Influence Of The Metal Ion On The Topology And Interpenetration Of Pyridylvinyl(Benzoate) Based Metal-Organic Frameworks

A family of four M(II)-metal-organic frameworks of general formula {[M-x(pvb)(2x)]y(dmf)}(n) (M = Cu, 1; M = Co, 2; M = Ni, 3; M = Mn, 4), based on the bis{4-[2-(4-pyridyl)ethenyl]} benzoic acid (Hpvb) ligand, were obtained. 1 exhibits a 5-fold interpenetrated lvt framework, 2 and 3 a 7-fold interpenetrating dia framework, and 4 a 2-fold interpenetrated dmc framework. Magnetic properties of 1-4 have been investigated. 1 was analyzed by a Curie-Weiss model, while 2 and 3 where analyzed by a zero-field splitting model due to the very long metal-metal distances, which results in very weak antiferromagnetic interactions.

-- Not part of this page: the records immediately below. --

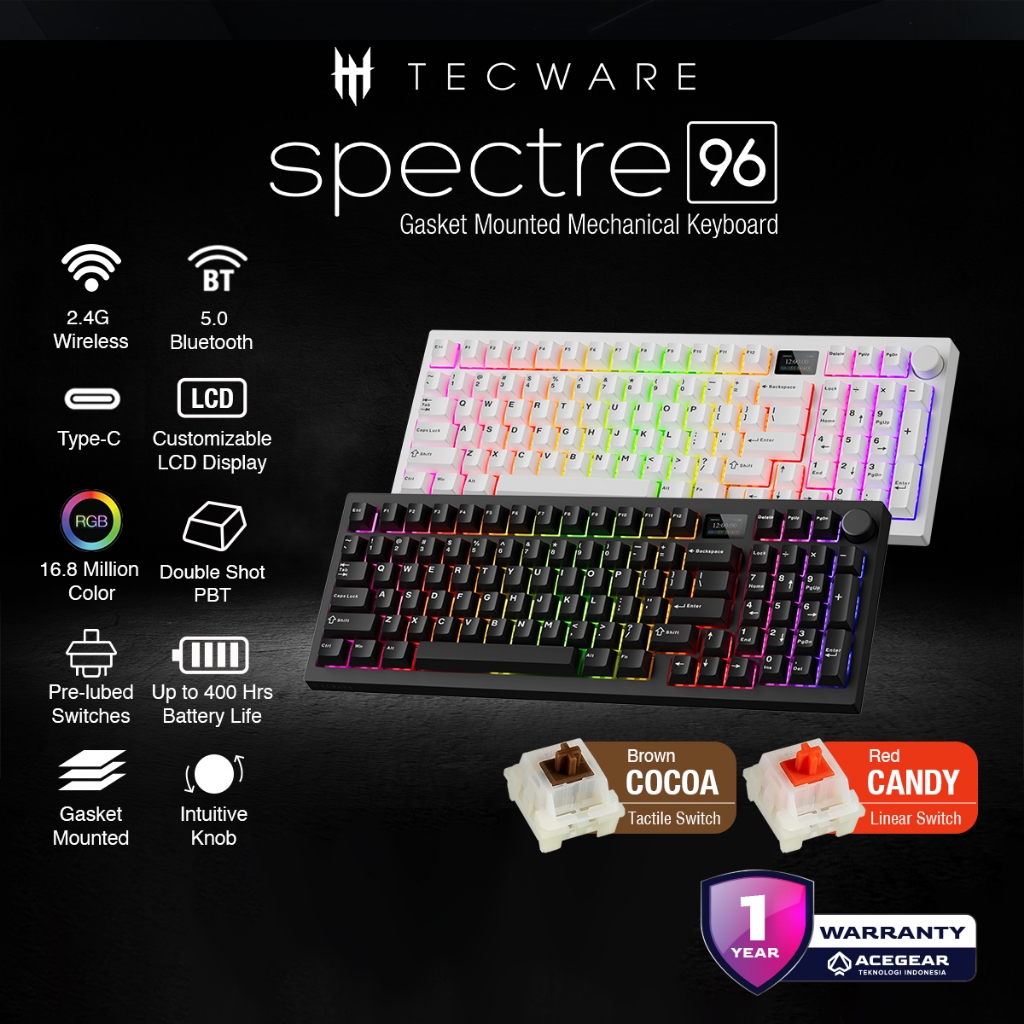 Jual TECWARE SPECTRE 96 3-Mode gasket mounted wireless gaming keyboard ...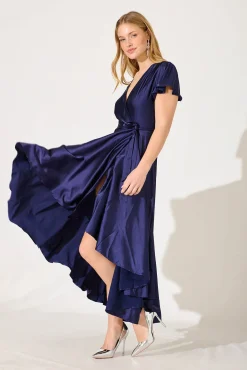 Best Loulou Maxi Dress In Navy Satin Dresses|Formal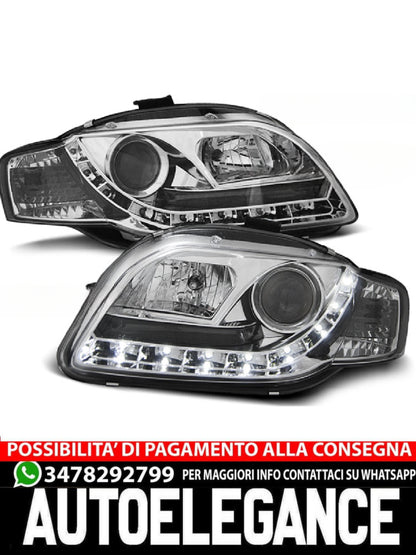 FARI ANTERIORI DAYLIGHT CHROME ADATTI COMPATIBILI PER AUDI A4 B7 11.04-03.08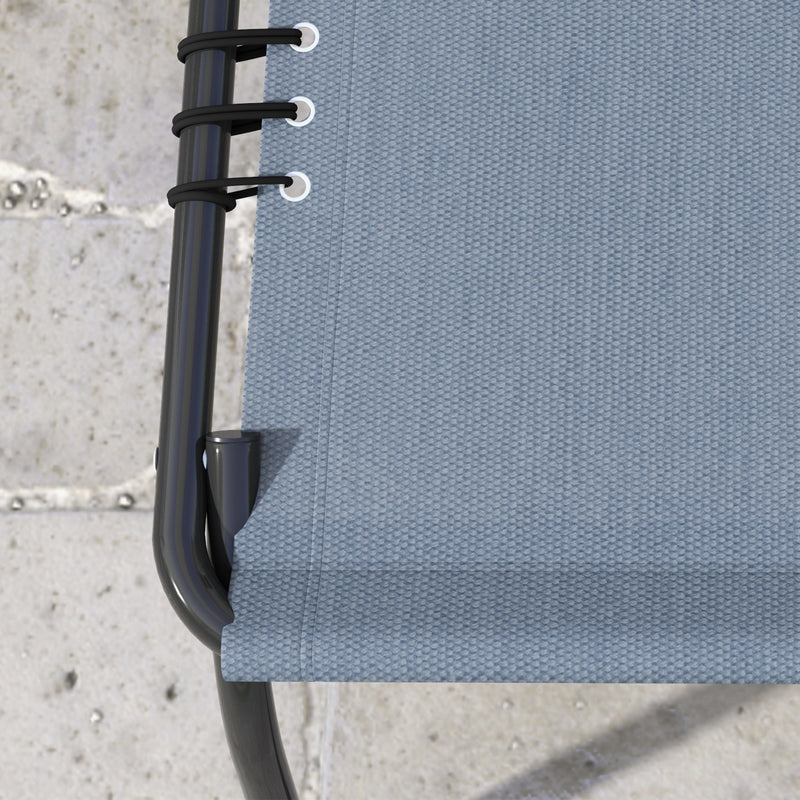 Grey Folding Sun Loungers Set of 2 with Adjustable Four Position Backrests for Garden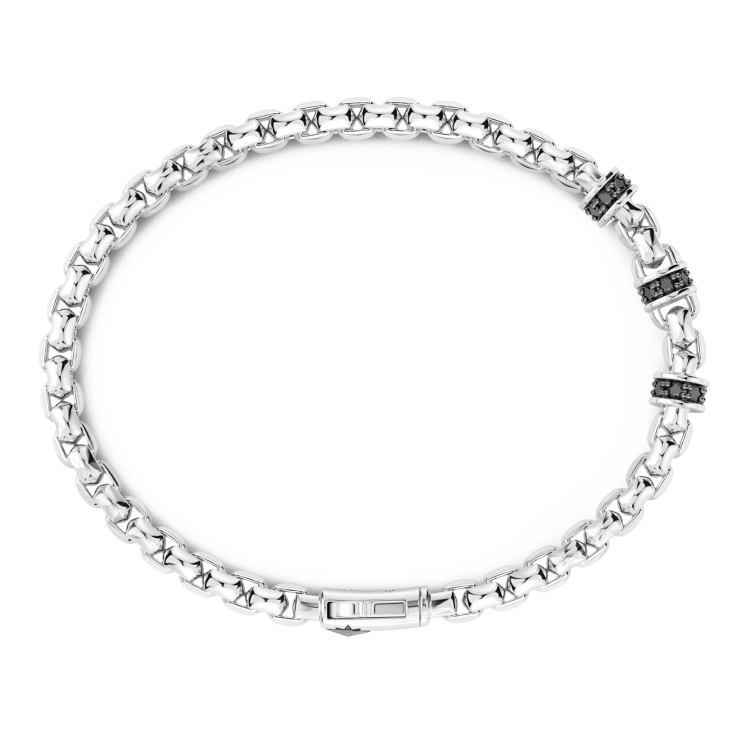 Bracelet maille seule Zancan en argent.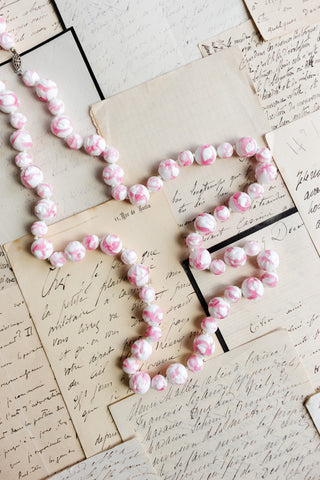 vintage murano glass bead sterling silver necklace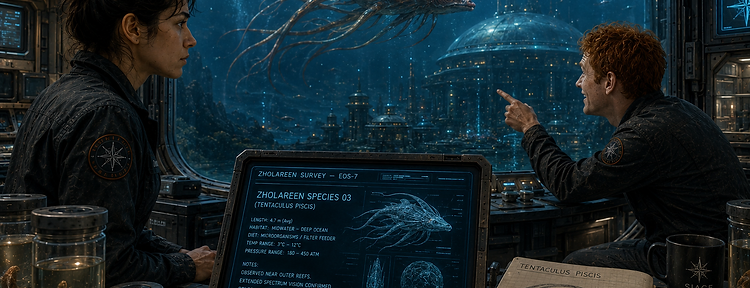 Researchers in an underwater station observing an alien sea creature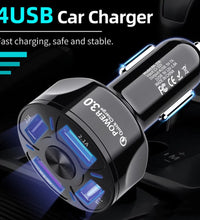 4-Port USB Car Charger, QC3.0 Fast Charging 4 USB Car Charger Adapter 7A Smart Shunt Car Phone Charger with Light, Suitable for Iphone & Android,Samsung Galaxy S10 S9 Plus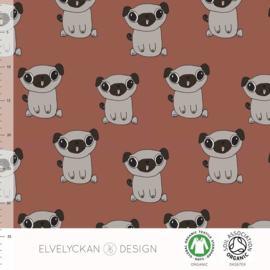 French terry pugs rusty  elvelyckan design
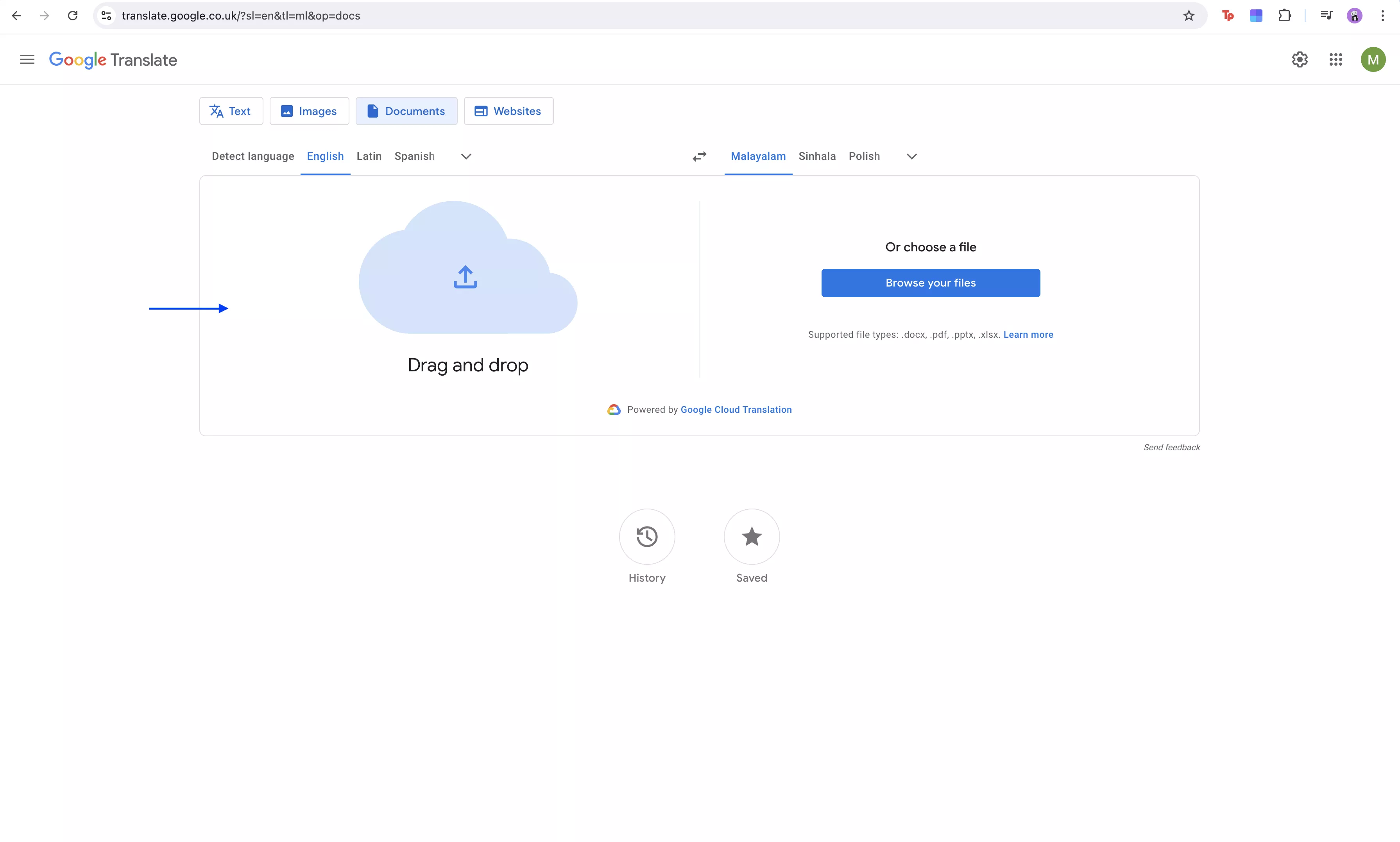 upload Malayalam pdf to google translate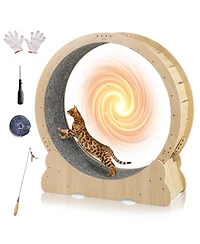 Cozito Cat Exercise Wheel 40 inch with Lockable Carpeted Runway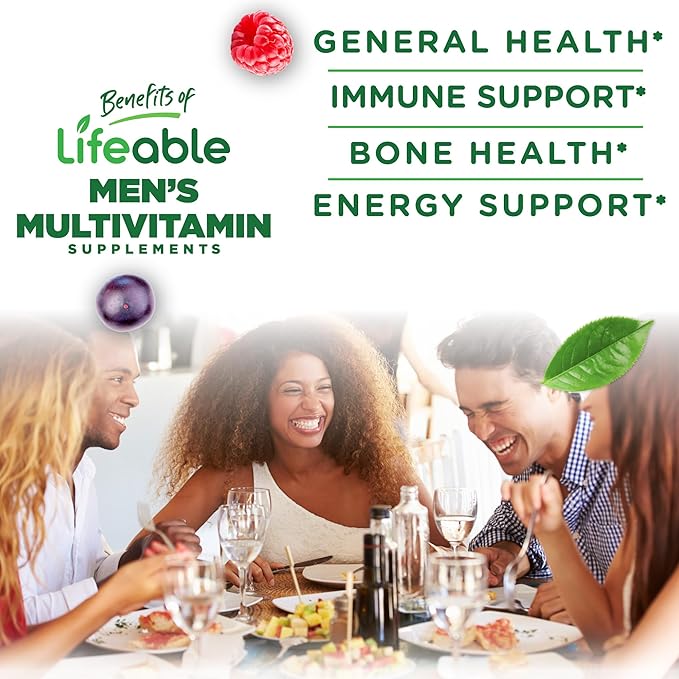 Lifeable Multivitamin for Men Gummies | VIT A, C, D, E, B1, B2, Niacin, B5, B6, Folate, B12, Biotin, Iodine, Zinc, Chromium, Ginseng, Lycopene, Inositol | Mens Multivitamins Gummies | 90 Gummies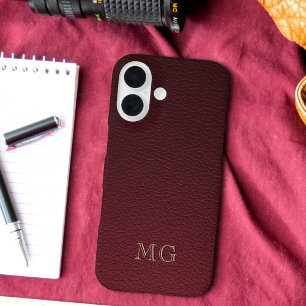 Burgundy Faux Leather and Gold Monogram Initials iPhone 16 Case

The coupling pathway in 4 was done by carboxylate bridges instead of the pvb pathway, affording a short metal-metal separation that was analyzed by a isotropic Heisenberg spin Hamiltonian for a linear trinuclear Mn(II) cluster. The different metal coordination modes and geometries, along with template effects induced by the solvent, play an important role in the formation of distinctive structural topologies.